• _What the task requires_
Both the line with "Women's boots autumn" and the line with "ラベルエチュード　ランダムギャザーティアードフリル2WAYスカート ロング　黒" in the records below must appear in the output, along with every line between them, exactly and with nothing added.

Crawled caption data
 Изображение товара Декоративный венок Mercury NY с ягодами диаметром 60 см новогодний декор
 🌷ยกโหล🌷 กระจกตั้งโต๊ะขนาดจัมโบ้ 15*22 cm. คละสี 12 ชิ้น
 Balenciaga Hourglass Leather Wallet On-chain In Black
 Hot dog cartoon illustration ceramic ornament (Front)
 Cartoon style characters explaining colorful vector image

---

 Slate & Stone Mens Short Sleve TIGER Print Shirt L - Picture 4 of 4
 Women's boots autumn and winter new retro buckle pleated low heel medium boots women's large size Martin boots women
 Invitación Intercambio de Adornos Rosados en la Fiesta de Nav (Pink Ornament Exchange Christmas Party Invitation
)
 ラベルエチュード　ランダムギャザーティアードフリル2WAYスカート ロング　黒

• _Response below_
 Women's boots autumn and winter new retro buckle pleated low heel medium boots women's large size Martin boots women
 Invitación Intercambio de Adornos Rosados en la Fiesta de Nav (Pink Ornament Exchange Christmas Party Invitation
)
 ラベルエチュード　ランダムギャザーティアードフリル2WAYスカート ロング　黒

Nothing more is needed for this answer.